Pears. Preheat oven to 350°F. Line a jelly roll pan or 9 inch by 13 inch pan with parchment paper or non-stick foil. In a medium bowl, stir together the maple syrup, cinnamon and vanilla. Toss pears in maple mixture. Spread pears on the prepared pan so they are in a single layer and not piled on top of each other. Roast pears for 50-60 minutes, tossing them every 15-20 minutes. The pears are done when a fork can easily pierce through them. (For crunchier pears, roast for less time, approximately 30 minutes.) Allow to cool on pan. Once cooled to room temperature, strain pears from the juices, reserving the juices in a separate bowl. Pears can be prepared up to several days in advance. Store the pears and the juices in separate airtight containers in the refrigerator.
Cake. Preheat oven to 350°F. Lightly grease three 8-inch round pans, line each with circles of parchment on the bottom and grease the top of the parchment. In a large bowl, whisk together all the dry ingredients through the dark brown sugar. Whisk in the oil, eggs and vanilla until combined. Whisk in milk and sour cream until combined. Pour into prepared pans and bake 23-27 minutes, until a toothpick inserted comes out clean and the sides are just starting to pull away from the pans. Cool completely in pans.
Maple Cream Cheese Frosting. Using the paddle attachment of the mixer, beat the cream cheese and butter together for a minute or two until fully combined and the mixture is lightly aerated. Add the maple extract and the salt, beating until combined. Stop the mixer and pour in confectioner’s sugar. Start with the mixer on the lowest speed, raising it as the confectioner’s sugar gets incorporated into the mixture. Beat on high for a minute or two.

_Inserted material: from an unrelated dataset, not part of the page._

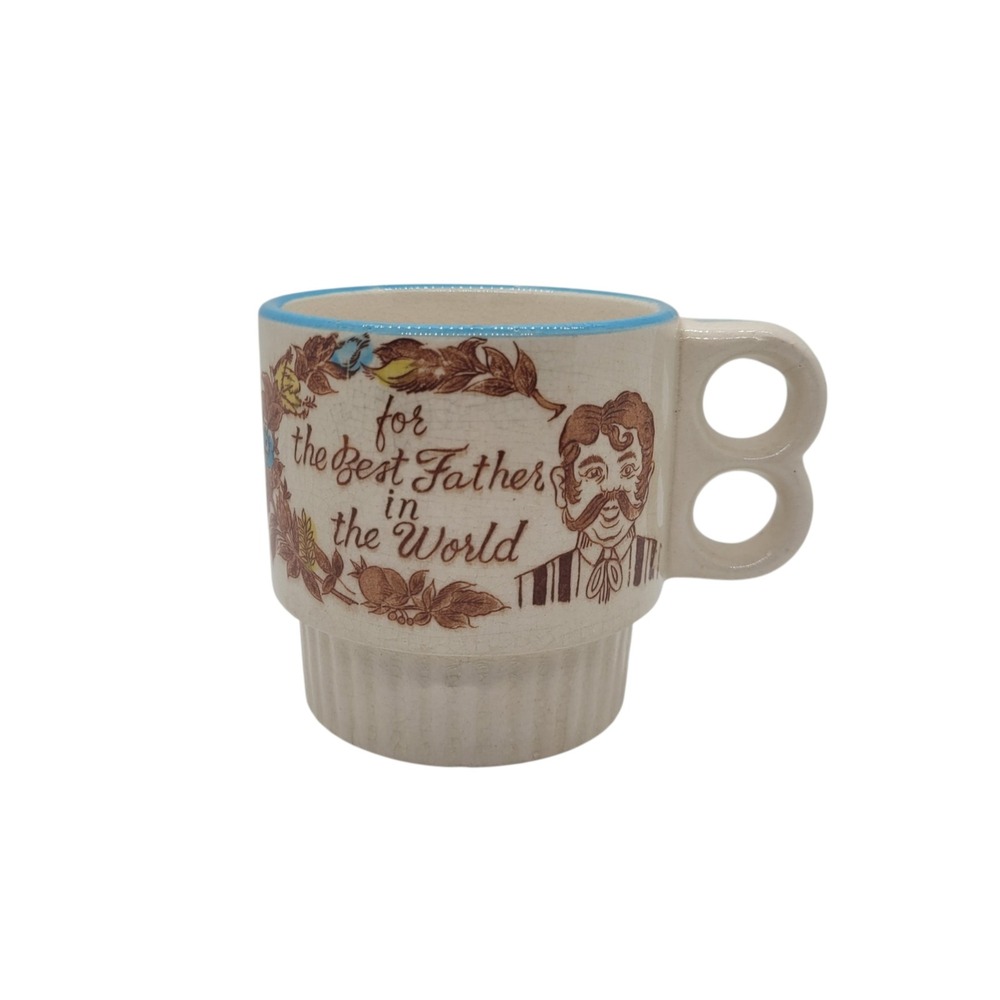 Vintage Florida Best Father in the World Mug Japan Ceramic Double Ring Handle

Assembly. Slide a metal spatula or knife around the edges of each cake pan and remove the cakes from the pans. If necessary, carefully cut the tops of the the cakes off to even them out. With a pastry brush, brush on the tops and bottoms of each cake the reserved juices from the roasted pears. Fill a pastry bag with frosting and pipe a continuous ring on top of one of the cakes, completely covering the top. With a metal spatula, spread the frosting evenly over the top. Spoon no more than half of roasted pears onto the frosting. The pears should be spread to create one layer on top of the frosting and not be piled up on each other. Place another cake on top and repeat with the piping and pear layer. Place the last layer on top and frost the top and sides as desired.
Store cake in refrigerator, allowing it to come to room temperature approximately 30 minutes before serving.